**Records from a collection:**

--

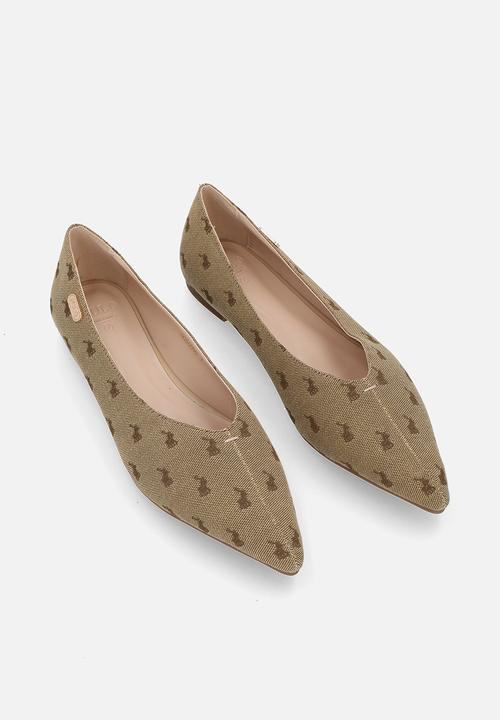POLO - Pointed pump - stone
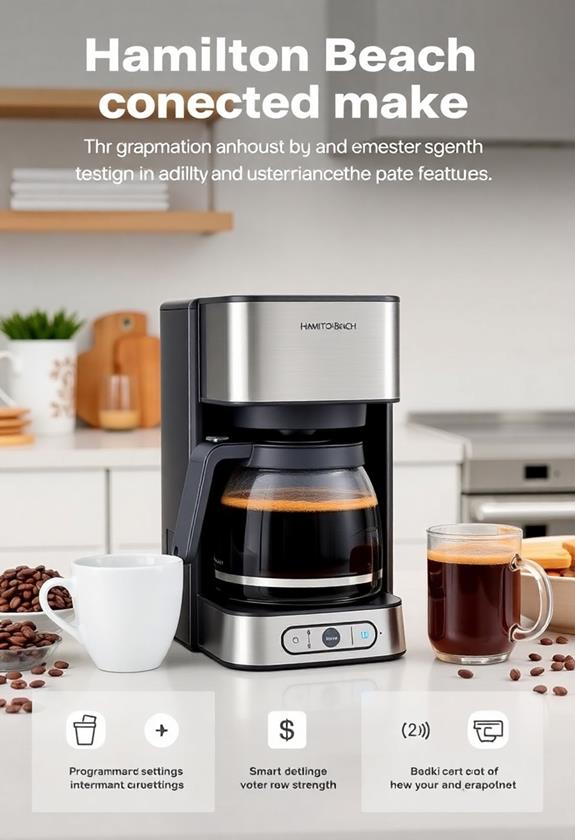 choosing hamilton beach coffee maker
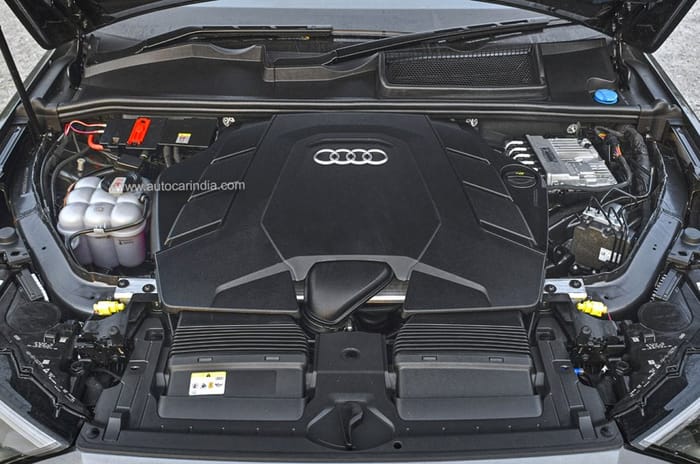 2022 Audi Q7 facelift review, test drive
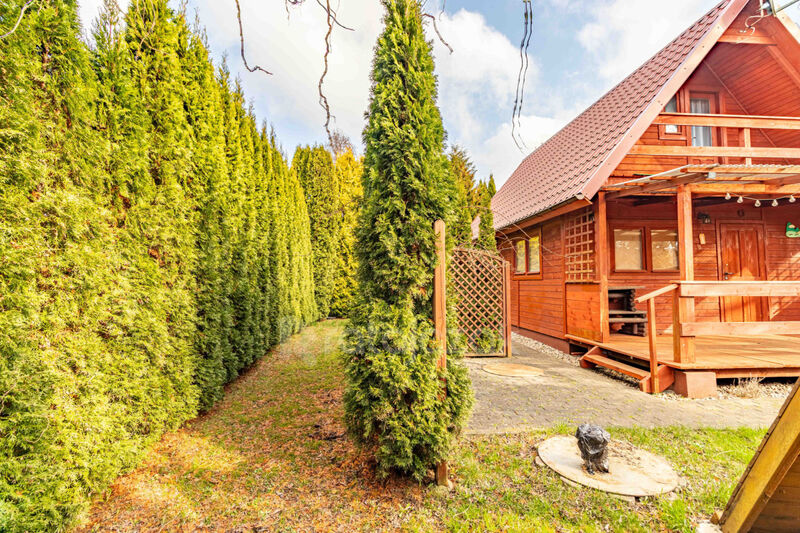 Domek rekreacyjny całoroczny nad Bałtykiem - Lubiatowo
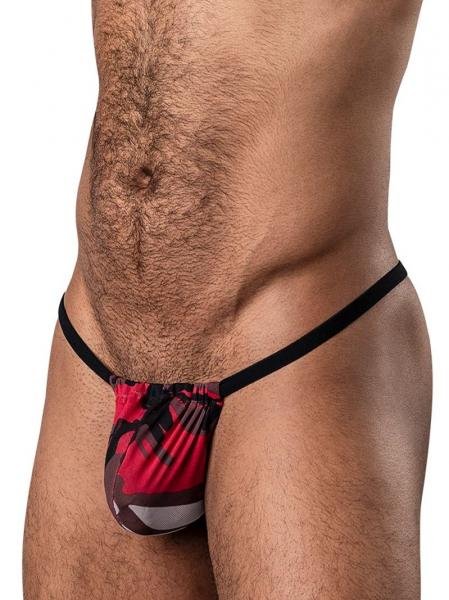 Cumouflage Posing Strap Red O S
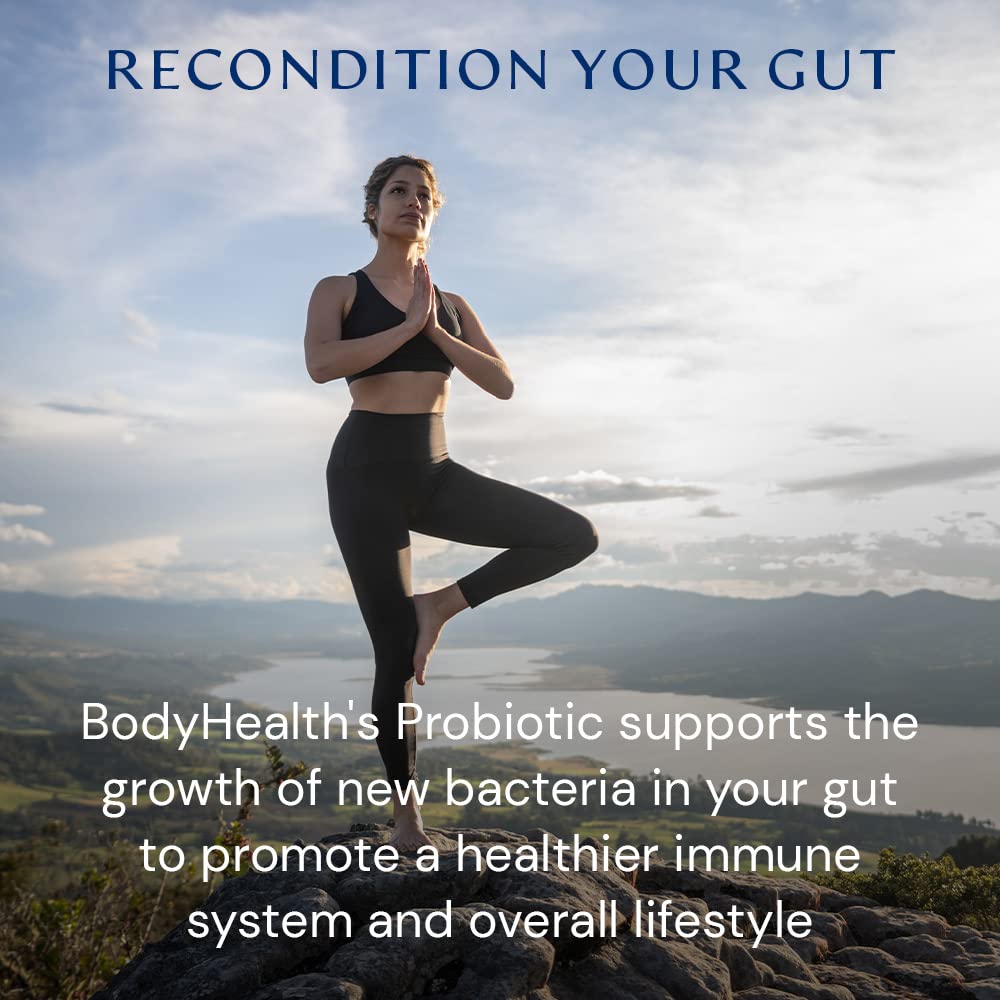 BodyHealth Ingrédients propres – fabrication aux États‑Unis, sans allergènes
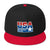 USA Drinking Team Logo Snapback Hat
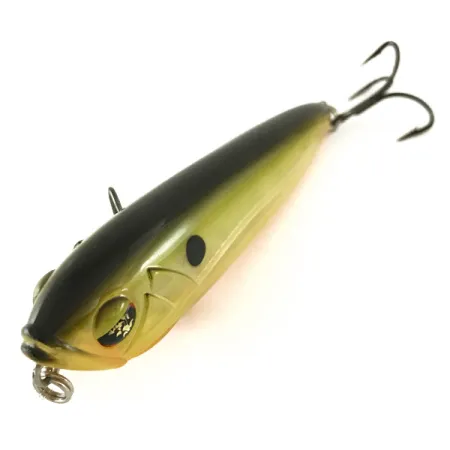 Gary Yamamoto Tate' Pencil Hladinový, Olivová-Zlatá, 10g, #6524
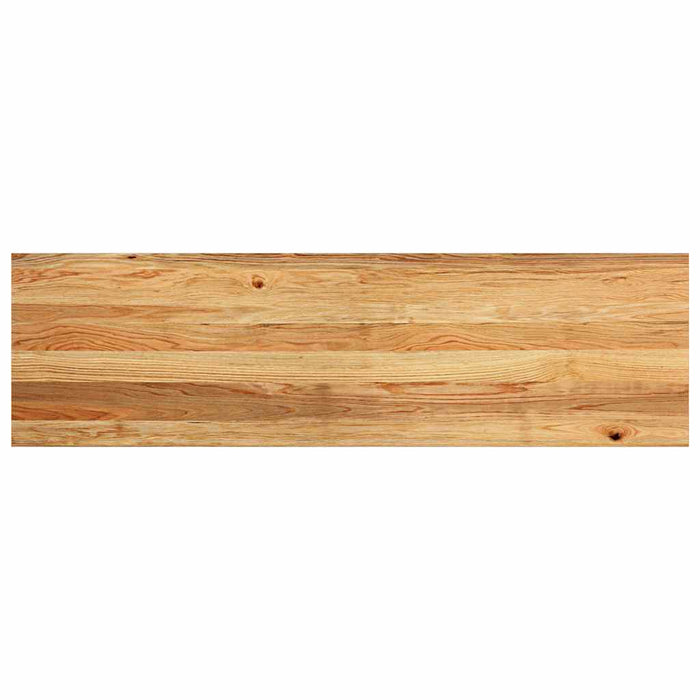 Pervaz 2 buc lemn masiv de maro deschis 140x40x2 cm - WALTI WALTI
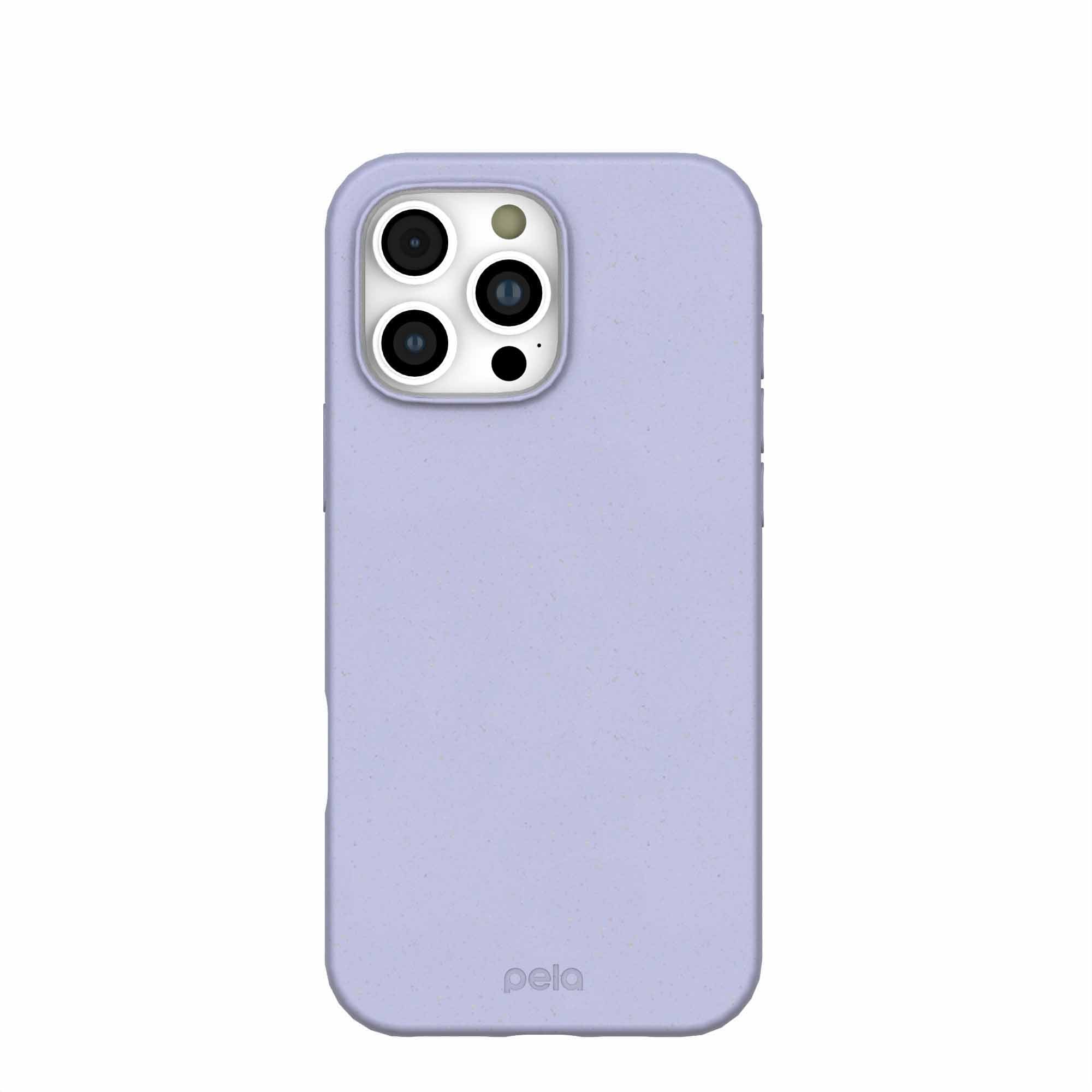 Lavender iPhone 16 Pro Max Case Pela Case
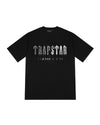 TRAPSTAR DECODED PAISLEY MONOCHROME EDITION T-SHIRT - BLACK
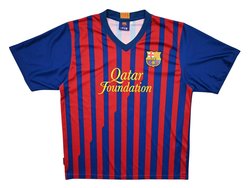 2011-12 FC BARCELONA *ALEXIS* SHIRT L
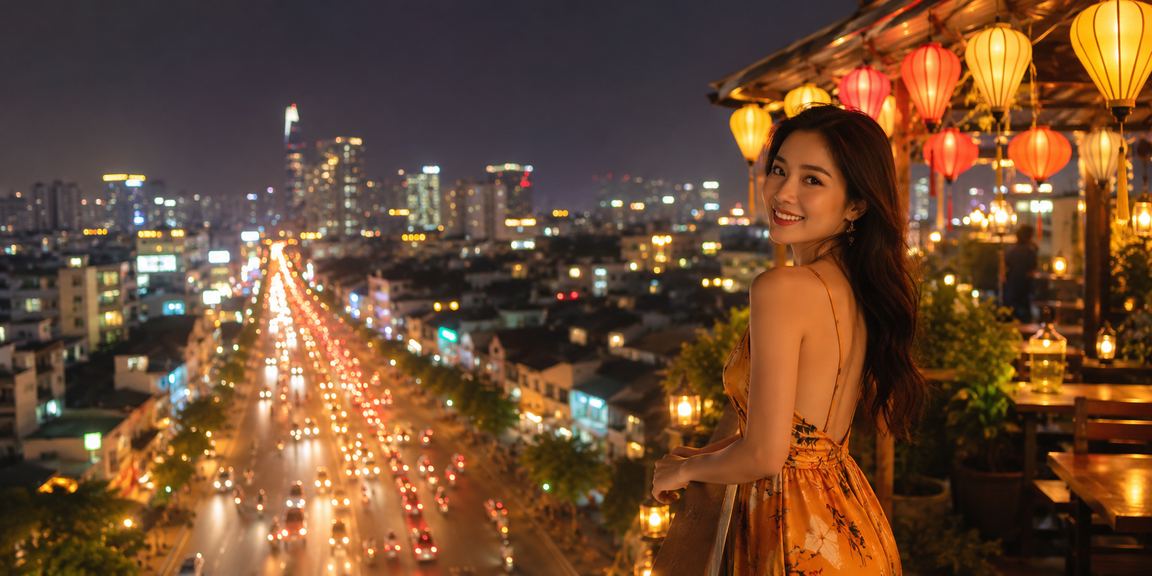 Chợ đêm sôi động tại TP. Hồ Chí Minh với không khí VIP và ưu đãi hấp dẫn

--

**Activity:**
Every entry above should be duplicated exactly. Do not include the images.

**Expected output:**
POLO - Pointed pump - stone
 choosing hamilton beach coffee maker
 2022 Audi Q7 facelift review, test drive
 Domek rekreacyjny całoroczny nad Bałtykiem - Lubiatowo
 Cumouflage Posing Strap Red O S
 BodyHealth Ingrédients propres – fabrication aux États‑Unis, sans allergènes
 USA Drinking Team Logo Snapback Hat
 Gary Yamamoto Tate' Pencil Hladinový, Olivová-Zlatá, 10g, #6524
 Pervaz 2 buc lemn masiv de maro deschis 140x40x2 cm - WALTI WALTI
 Lavender iPhone 16 Pro Max Case Pela Case
 TRAPSTAR DECODED PAISLEY MONOCHROME EDITION T-SHIRT - BLACK
 2011-12 FC BARCELONA *ALEXIS* SHIRT L
 Chợ đêm sôi động tại TP. Hồ Chí Minh với không khí VIP và ưu đãi hấp dẫn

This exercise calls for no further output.